More testing doesn't show an immediate bug in the implementation and suggests that a primary re-election on the server side may lead to this situation:
Event | Client view | Server side situation |
---|---|---|
Client: Before | (n/a) | {Primary: A, Secondary: [B, C]} |
Client: Connect | {Primary: A, Secondary: [B, C]} | {Primary: A, Secondary: [B, C]} |
Remote: Primary change | {Primary: A, Secondary: [B, C]} | {Primary: B, Secondary: [A, C]} |
Client: Write | {Primary: A, Secondary: [B, C]} | {Primary: B, Secondary: [A, C]} |
The client has an inconsistent view of the server side situation and uses node A
for writing which it believes to be the primary, while in reality it's changed its role to a secondary.
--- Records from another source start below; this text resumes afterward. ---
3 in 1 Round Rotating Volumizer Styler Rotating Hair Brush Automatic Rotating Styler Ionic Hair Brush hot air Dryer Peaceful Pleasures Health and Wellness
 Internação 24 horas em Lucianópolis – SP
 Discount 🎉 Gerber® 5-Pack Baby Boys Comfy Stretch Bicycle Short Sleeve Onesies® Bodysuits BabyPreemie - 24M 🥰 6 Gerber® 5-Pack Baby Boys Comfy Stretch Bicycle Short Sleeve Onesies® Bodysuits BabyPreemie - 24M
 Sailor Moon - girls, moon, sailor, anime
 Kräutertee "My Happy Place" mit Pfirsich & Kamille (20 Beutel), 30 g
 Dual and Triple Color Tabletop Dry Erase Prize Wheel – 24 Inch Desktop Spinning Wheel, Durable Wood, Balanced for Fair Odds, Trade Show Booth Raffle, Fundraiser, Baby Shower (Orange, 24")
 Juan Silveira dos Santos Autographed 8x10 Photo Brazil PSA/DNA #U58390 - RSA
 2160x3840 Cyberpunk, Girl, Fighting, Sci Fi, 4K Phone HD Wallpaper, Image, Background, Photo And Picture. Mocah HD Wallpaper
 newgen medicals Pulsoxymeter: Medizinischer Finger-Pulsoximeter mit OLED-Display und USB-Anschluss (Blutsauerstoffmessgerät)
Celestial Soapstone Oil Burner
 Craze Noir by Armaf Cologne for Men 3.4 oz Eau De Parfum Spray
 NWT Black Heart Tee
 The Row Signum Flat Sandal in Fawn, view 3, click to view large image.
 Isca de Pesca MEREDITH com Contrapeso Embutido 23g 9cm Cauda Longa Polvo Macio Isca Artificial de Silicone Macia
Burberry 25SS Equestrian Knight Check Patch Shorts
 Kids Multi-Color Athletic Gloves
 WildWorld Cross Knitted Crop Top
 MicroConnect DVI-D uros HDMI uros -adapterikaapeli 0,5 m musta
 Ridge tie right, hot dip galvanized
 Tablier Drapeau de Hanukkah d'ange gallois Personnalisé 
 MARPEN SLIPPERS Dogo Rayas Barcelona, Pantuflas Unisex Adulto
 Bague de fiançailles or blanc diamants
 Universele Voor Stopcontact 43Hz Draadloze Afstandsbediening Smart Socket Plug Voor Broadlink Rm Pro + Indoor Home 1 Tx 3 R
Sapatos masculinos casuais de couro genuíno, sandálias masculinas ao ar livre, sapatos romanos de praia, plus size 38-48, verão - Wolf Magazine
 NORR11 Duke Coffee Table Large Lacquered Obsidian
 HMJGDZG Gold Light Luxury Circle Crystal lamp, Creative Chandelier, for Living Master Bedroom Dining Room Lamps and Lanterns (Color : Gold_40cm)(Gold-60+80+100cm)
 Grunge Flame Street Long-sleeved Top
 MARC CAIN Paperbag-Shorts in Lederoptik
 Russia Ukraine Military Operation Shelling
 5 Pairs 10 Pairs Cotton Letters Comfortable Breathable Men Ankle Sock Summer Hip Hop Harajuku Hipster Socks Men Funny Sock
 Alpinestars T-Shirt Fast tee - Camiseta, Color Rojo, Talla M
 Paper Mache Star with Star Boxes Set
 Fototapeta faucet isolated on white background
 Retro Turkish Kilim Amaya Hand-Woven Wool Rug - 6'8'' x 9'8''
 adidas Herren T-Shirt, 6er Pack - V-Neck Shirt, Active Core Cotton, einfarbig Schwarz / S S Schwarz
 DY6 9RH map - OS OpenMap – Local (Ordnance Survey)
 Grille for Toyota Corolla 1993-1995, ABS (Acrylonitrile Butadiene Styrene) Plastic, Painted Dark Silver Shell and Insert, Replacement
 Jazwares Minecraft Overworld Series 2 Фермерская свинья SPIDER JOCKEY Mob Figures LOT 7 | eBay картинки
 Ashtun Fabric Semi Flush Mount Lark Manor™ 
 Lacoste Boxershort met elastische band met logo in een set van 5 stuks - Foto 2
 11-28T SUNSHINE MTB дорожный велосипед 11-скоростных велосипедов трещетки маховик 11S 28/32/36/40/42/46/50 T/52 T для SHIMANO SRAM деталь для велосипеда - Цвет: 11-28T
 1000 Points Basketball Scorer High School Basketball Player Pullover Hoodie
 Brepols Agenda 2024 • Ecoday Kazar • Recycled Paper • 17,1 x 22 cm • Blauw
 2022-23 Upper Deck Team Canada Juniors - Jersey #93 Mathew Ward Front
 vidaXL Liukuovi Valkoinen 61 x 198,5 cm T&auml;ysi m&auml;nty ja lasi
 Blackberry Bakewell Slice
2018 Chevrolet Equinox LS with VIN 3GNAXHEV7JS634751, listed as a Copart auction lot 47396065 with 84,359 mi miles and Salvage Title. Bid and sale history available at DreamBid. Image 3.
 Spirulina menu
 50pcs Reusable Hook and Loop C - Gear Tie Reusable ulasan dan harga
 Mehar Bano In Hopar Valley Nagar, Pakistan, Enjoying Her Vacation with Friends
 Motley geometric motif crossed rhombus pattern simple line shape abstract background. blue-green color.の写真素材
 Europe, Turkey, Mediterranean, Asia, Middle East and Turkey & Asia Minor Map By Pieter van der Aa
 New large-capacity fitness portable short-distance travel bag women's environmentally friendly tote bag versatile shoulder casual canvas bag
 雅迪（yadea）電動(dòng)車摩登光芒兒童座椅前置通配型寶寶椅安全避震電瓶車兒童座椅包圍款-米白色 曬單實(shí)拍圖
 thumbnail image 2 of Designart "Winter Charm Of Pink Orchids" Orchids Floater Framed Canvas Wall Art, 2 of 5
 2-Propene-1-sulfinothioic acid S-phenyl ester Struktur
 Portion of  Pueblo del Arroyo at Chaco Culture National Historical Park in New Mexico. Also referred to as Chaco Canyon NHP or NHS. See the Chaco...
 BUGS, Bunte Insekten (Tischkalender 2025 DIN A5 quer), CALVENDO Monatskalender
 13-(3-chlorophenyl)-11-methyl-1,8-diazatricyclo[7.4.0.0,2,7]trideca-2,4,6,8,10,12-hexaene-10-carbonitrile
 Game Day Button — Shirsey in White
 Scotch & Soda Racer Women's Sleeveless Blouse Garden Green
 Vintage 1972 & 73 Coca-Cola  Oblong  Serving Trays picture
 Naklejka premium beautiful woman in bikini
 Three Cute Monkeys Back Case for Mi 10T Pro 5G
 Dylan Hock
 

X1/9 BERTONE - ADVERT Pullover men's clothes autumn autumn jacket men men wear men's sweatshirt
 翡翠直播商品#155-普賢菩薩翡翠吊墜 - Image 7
An idea could be catch this specific error (any of the error codes categorized as "NotPrimaryError" here) and refresh the view into the cluster before retrying the write command.
Occurred when issuing a write command after a while of the process being idle. Seems reconnect handling does not work reliably.